The chips could go into thin laptops that provide full PC functionality but are cheaper than ultraportable laptops, which are priced above US$1,500. The chips could lead to new designs in the light and thin laptop category at more price points, a source familiar with Intel’s plans said.
The chips could also help Intel compete with AMD, which recently launched the Athlon Neo chip for thin and small laptops priced between $500 and $1,500. Neo chips are designed for thin and light laptops with screens between 10 inches and 14 inches, which AMD categorizes as “ultrathin laptops.”

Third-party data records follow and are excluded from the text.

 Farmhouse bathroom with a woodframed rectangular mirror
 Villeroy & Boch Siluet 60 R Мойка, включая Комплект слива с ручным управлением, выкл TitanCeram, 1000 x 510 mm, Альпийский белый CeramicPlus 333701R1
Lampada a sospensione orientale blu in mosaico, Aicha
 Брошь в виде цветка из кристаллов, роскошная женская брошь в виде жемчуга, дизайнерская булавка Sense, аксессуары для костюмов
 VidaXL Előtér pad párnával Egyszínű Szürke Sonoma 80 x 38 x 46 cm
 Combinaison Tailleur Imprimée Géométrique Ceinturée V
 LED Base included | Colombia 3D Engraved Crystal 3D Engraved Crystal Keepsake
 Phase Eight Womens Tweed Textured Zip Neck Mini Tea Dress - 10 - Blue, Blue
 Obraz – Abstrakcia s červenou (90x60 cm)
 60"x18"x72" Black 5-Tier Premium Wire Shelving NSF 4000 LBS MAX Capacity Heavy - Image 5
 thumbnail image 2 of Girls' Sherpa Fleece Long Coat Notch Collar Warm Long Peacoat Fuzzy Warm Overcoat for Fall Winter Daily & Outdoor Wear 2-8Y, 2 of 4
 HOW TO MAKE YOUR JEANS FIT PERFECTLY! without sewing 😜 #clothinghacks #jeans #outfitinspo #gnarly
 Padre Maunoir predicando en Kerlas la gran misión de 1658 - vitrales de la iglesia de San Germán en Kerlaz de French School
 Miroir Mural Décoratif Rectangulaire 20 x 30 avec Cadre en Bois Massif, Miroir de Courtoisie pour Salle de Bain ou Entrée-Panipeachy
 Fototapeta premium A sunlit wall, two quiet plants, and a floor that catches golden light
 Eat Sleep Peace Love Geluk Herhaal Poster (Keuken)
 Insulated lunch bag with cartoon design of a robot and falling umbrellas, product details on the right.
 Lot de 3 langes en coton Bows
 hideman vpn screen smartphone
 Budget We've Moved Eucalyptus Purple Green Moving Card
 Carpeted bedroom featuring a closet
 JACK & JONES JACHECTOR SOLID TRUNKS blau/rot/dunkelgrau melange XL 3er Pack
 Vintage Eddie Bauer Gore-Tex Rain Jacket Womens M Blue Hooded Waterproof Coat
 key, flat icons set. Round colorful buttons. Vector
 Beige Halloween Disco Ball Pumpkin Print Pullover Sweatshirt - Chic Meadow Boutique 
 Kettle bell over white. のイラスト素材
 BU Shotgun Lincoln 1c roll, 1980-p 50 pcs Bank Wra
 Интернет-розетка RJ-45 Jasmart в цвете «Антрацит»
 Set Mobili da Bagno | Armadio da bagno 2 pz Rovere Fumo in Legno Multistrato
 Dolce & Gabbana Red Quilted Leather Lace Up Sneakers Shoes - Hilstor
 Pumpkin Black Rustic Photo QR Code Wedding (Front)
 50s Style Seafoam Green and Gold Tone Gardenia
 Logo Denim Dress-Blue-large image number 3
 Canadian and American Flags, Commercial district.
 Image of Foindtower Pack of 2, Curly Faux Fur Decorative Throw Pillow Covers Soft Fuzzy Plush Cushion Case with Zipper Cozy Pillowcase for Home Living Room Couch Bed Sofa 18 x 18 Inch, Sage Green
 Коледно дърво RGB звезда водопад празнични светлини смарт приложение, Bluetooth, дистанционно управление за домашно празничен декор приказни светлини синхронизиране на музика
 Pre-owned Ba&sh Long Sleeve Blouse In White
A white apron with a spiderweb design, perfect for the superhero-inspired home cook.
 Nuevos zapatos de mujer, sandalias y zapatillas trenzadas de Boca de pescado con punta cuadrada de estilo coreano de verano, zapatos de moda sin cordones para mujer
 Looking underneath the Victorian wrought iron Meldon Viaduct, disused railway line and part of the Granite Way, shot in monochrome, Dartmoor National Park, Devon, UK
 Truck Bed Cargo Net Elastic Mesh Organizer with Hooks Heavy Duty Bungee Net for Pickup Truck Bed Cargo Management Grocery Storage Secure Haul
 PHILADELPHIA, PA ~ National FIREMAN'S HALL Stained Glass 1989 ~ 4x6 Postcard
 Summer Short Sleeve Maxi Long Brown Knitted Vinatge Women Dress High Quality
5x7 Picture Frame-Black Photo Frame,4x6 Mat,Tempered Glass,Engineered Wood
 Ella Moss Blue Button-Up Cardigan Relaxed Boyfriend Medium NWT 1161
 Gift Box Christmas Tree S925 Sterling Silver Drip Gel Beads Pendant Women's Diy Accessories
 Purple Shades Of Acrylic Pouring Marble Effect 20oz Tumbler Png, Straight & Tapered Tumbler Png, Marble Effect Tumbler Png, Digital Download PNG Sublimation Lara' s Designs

Based on Intel’s current Core micro architecture, the new chips will fit into small spaces and use less power than existing Core 2 Duo chips. Current Core 2 Duo ULV chips use about 10 watts, and Core 2 Duo processors for mainstream laptops use as much as 35 watts.
Intel’s most prominent Core-based ULV chips — Core 2 Duo SU9400 and SU9300 — are used in expensive ultraportable laptops such as Lenovo’s X300 and Fujitsu’s LifeBook P8020. Those laptops are known for their small form factor and good battery life. An Intel ULV chip also goes into the MacBook Air.
AMD has criticized the premium pricing of ultraportable notebooks that carry Intel’s ULV chips. Users don’t have an appetite for expensive ultraportables such as the MacBook Air, and pricing has been a key impediment to the adoption of such laptops, AMD has said.
AMD launched the Neo processor to enable a new price point for thin and light laptops that provide full PC functionality.
Intel did not comment on whether it intended to compete with AMD in the ultrathin space.